WHAT YOU ARE ASKED TO DO: Copy out precisely the lines from the start of the data through the line with "Hampton Wick Apartment", and keep pictures out of it.

DATA:
*** Begin section ***
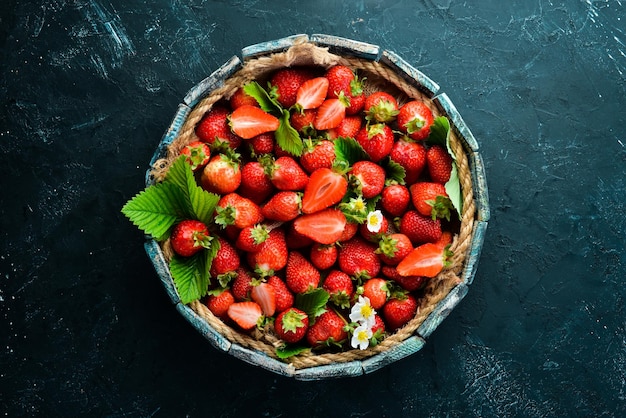 Fragole fresche in una scatola di legno Bacche Vista dall'alto Spazio libero per il testo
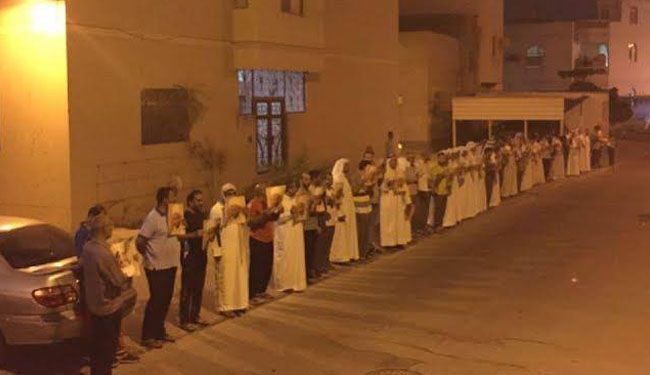 بالصور؛ وقفة تضامنيّة في جزيرة سترة مع الشيخ حسن عيسى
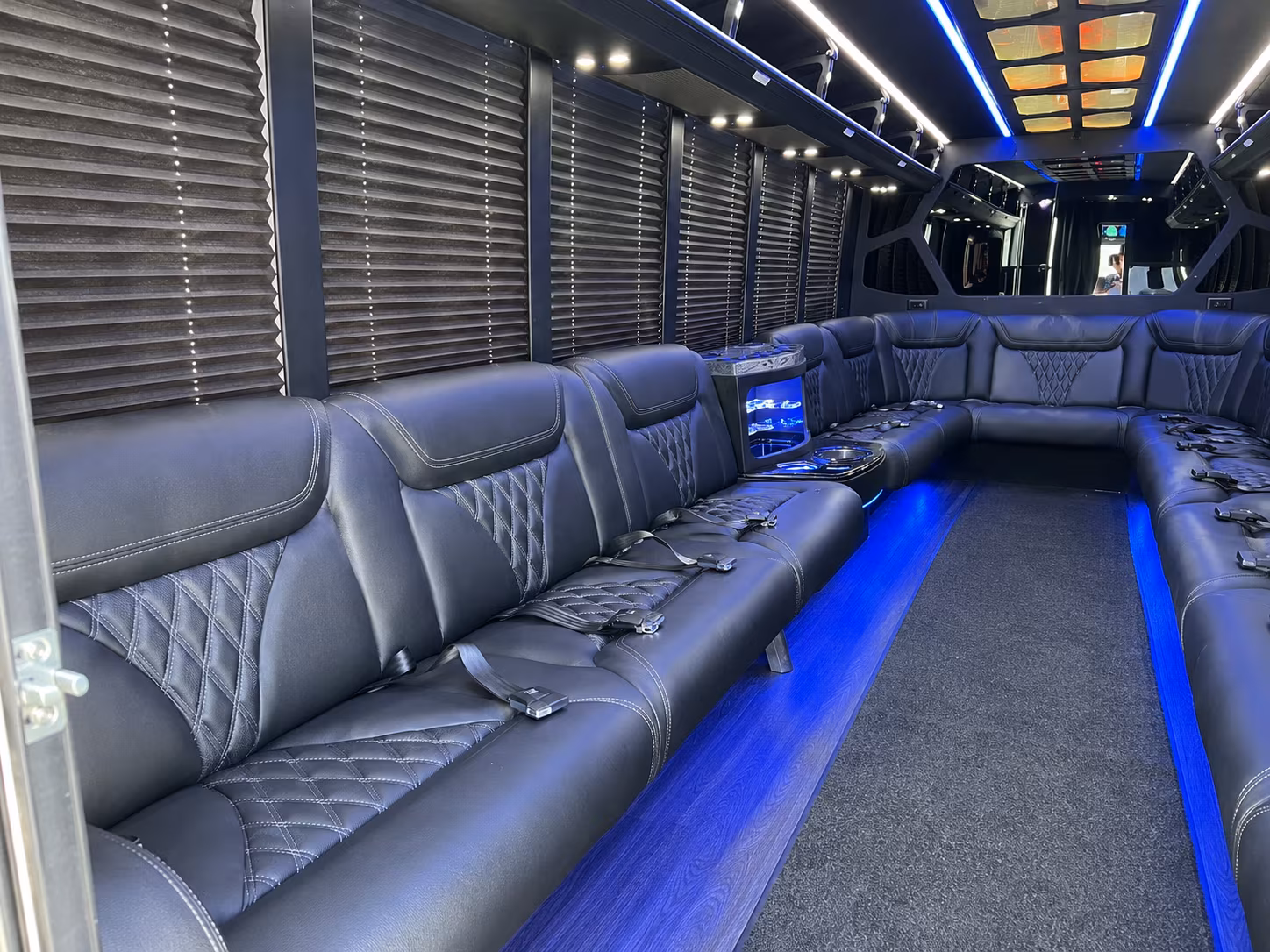 party buses for 21st birthday bar crawls down massachusetts street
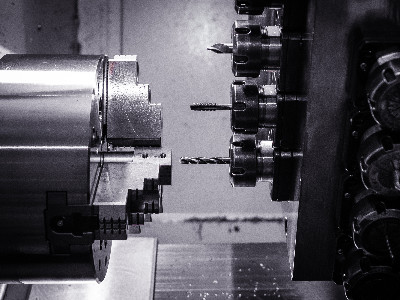 榮耀再加冕！靈科超聲波獲評超聲波伺服焊接技術(shù)全球開創(chuàng)者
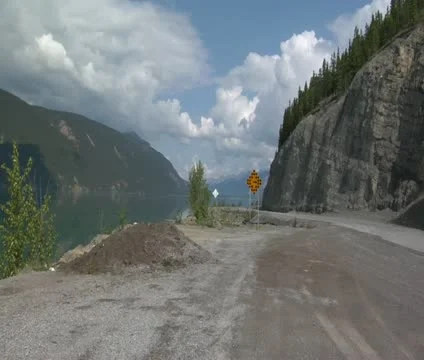 Mountain road to lake pan Video stock 21829011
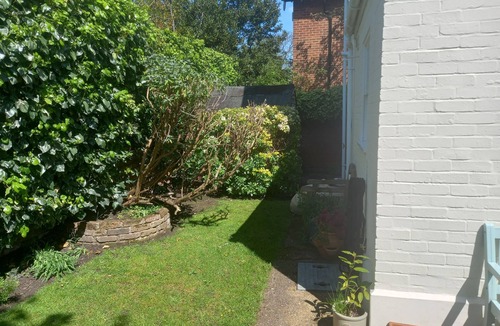 Hampton Wick Apartment | Riverside Paradise Retreat.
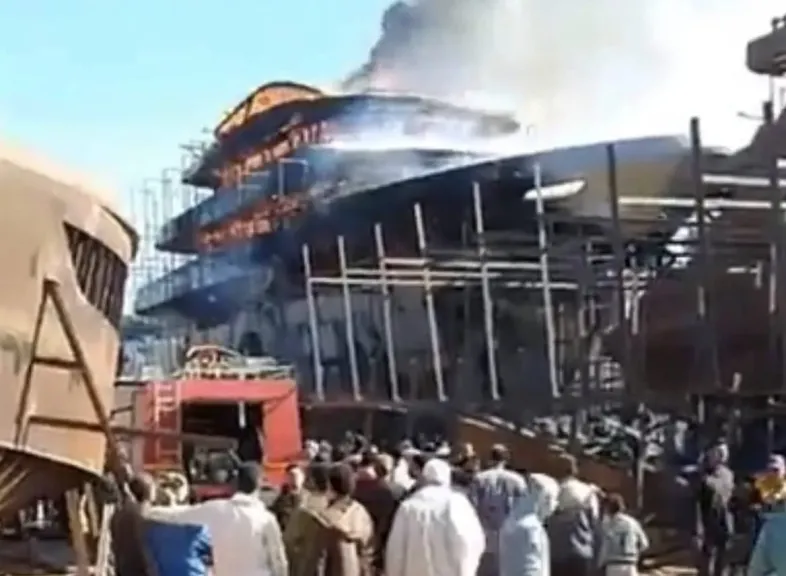 إصابة 5 عمال إثر نشوب حريق بورشة تصنيع مراكب في رشيد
*** End section ***
SOLVED PROBLEM:
 Fragole fresche in una scatola di legno Bacche Vista dall'alto Spazio libero per il testo
 بالصور؛ وقفة تضامنيّة في جزيرة سترة مع الشيخ حسن عيسى
 party buses for 21st birthday bar crawls down massachusetts street
 榮耀再加冕！靈科超聲波獲評超聲波伺服焊接技術(shù)全球開創(chuàng)者
 Mountain road to lake pan Video stock 21829011
 Hampton Wick Apartment | Riverside Paradise Retreat.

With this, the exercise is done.